Automation – VizAlert for Slow Render Workbooks

Tableau server performance management has been everyone’s concerns when it comes to a shared self-service environment since nobody wants to be impacted by others. This is especially true when each business unit decides their own publishing criteria where central IT team does not gate the publishing process.

How to protect the shared self-service environment? How to prevent one badly designed query from bringing all servers to their knees?

My previous blog Governed Self-Service Analytics: Performance Management (7/10) talked about a few actions. This blog talks about one technical implementation : how to send auto alert to workbook owner when the average workbook render time exceeded defined threshold. This helps as most of workbook owners are willing to take actions. My next blog will talk about some enforcement when no action is taken overtime.

What is the problem statement? 

  • Let workbook owners know their workbooks are a lot slower than many other workbooks on the same server

Is this necessary at all? Don’t they know already? 

  • Some workbook owners may know but other may not. It is possible that a well performed workbook becomes much slower overtime due to data change
  • Some workbook owners may know the slowness but they did not know how slow comparing with many other workbook on the server
  • Other workbook owners know slow but they do not bother to improve – if their users do not complain and server admin team does not complain, they have no incentive to improve it

Why server admin team cares about my slow views if my users are happy about it?

  • This is a valid argument. One time, I did research on my server : 1% views with render time > 30 seconds consume about 20-30% server CPU & memory resources!

 It used to take one day to get the answer outside Tableau, but now it takes only 5 mins on Tableau server to get the answer, I am happy about it!

  • This is a valid argument too. My counter answer is that you are working on a shared server env – your slow view impacts others.

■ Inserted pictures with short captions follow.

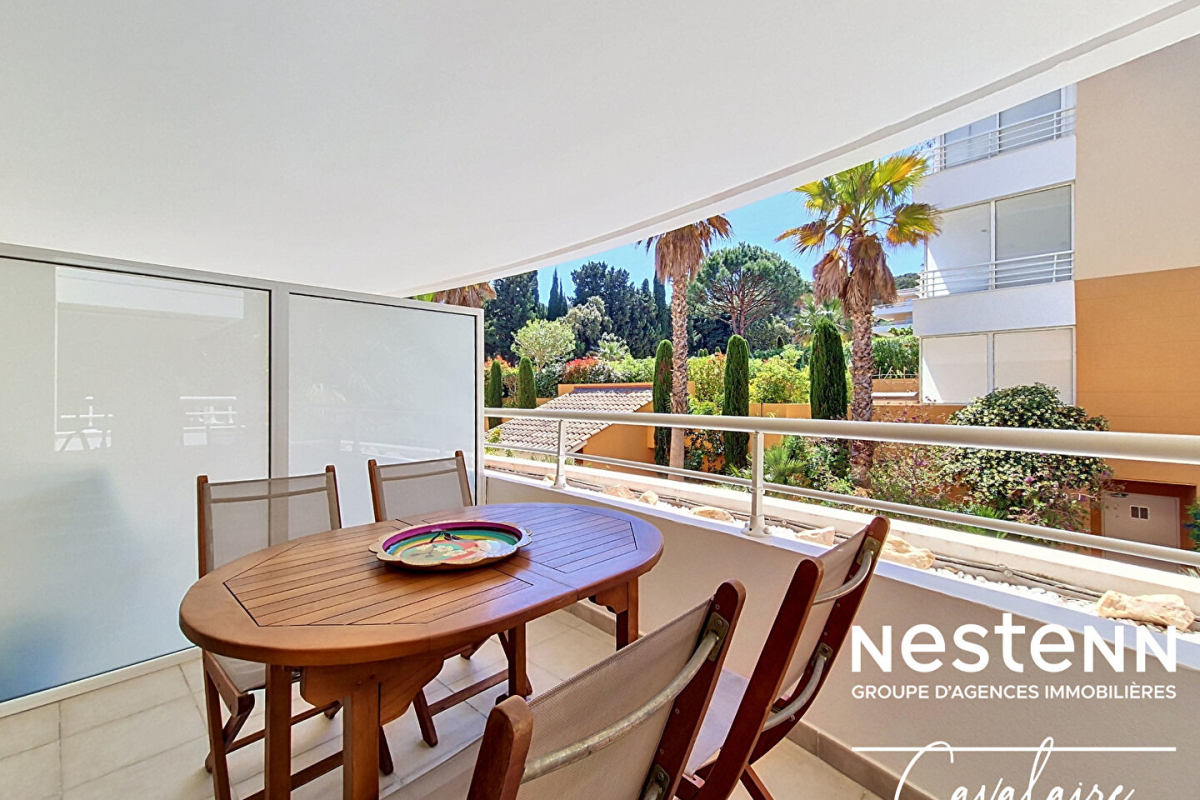 Appartement de luxe à vendre à Cavalaire-sur-Mer, 304 000 €, Photo 2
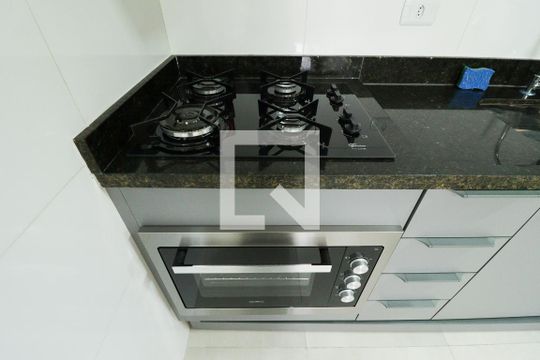 Cozinha  de apartamento para alugar com 2 quartos, 45m² em Jardim Centenario, São Paulo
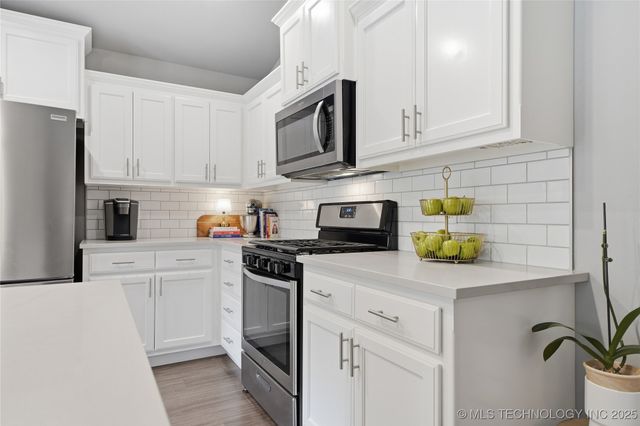 7505 S Walnut Avenue, Broken Arrow, OK 74011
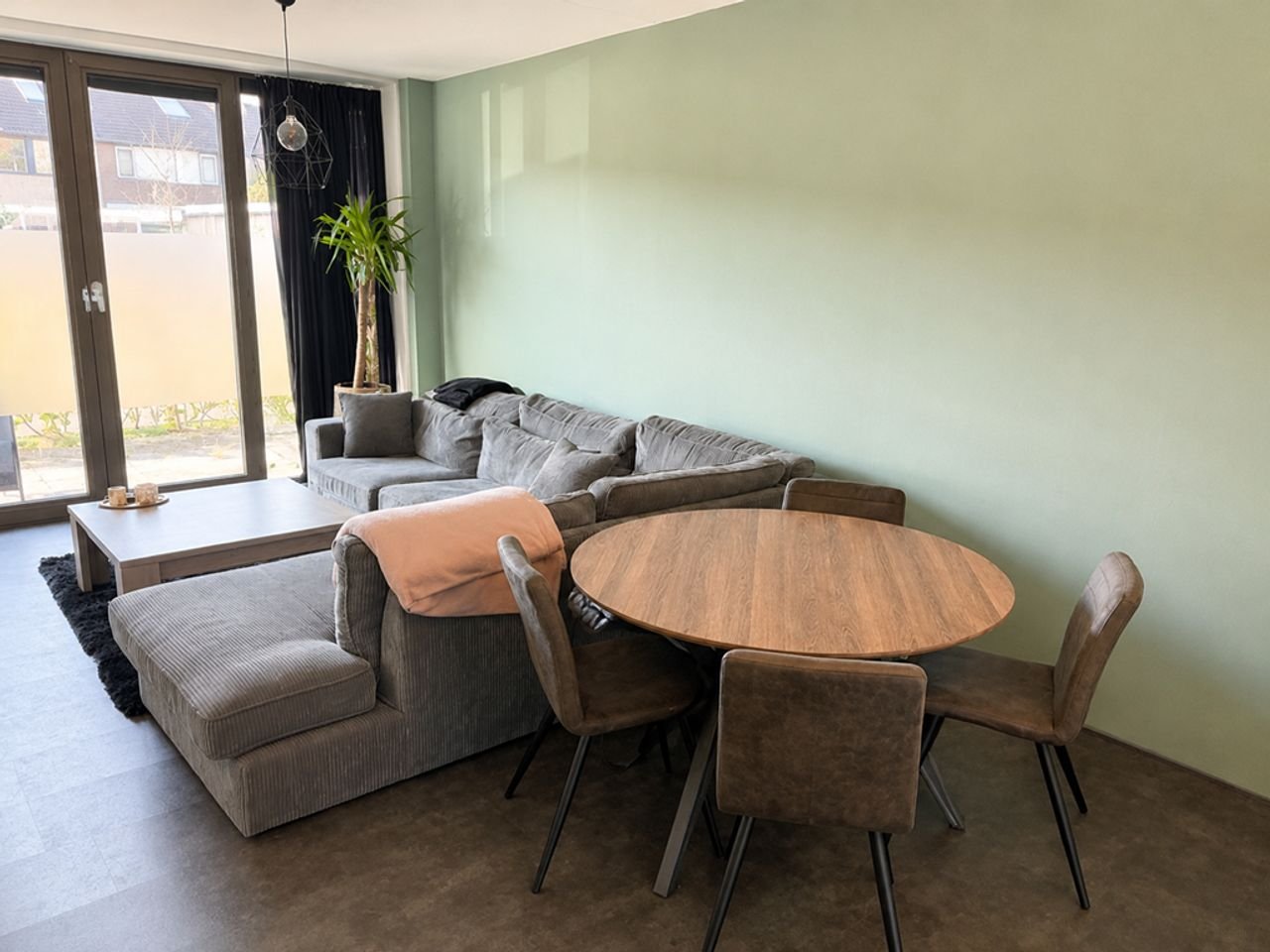 Apartment with Terrace in Huiswaard - Image 3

If you have your own dedicated server, admin will not care if your view takes 5 mins or much longer.

Now tell me auto alert solution:  Create a VizAlert to be sent to workbook owner abut the slow workbook views automatically in weekly basis. More details and tips for the VizAlert:

  1. Use weekly render time avg to avoid a lot one-off outliers
  2. Define your alert threshold, I use 30 sec as weekly avg
  3. Include # of weeks the slow view/workbook has been on the alert
  4. If it is on the alert the week 1, then it is not on week 1 anymore, that is great!
  5. However if the workbook is on week 1, 2 and 3, a conversation may be needed or you may want to trigger enforcement in my next blog
  6. Be sure to include best practice for designing effective Tableau workbooks and other internal resource list.

slow workbook

Automation – Timeout long subscriptions and auto send email to workbook owner

Why Subscriptions are not preferred for Tableau server?

  1. Subscriptions send out email at defined intervals, which does have a lot of conveniences for some users. However Tableau’s strength is interactive. The subscription is counter-interactive. 
  2. It is nothing wrong for users to get Tableau views in their inbox. The problem is that server admins or workbook owners have no way to tell if the users open the emails at all. Overtime, admins can’t tell if users are actually using the Tableau server or not.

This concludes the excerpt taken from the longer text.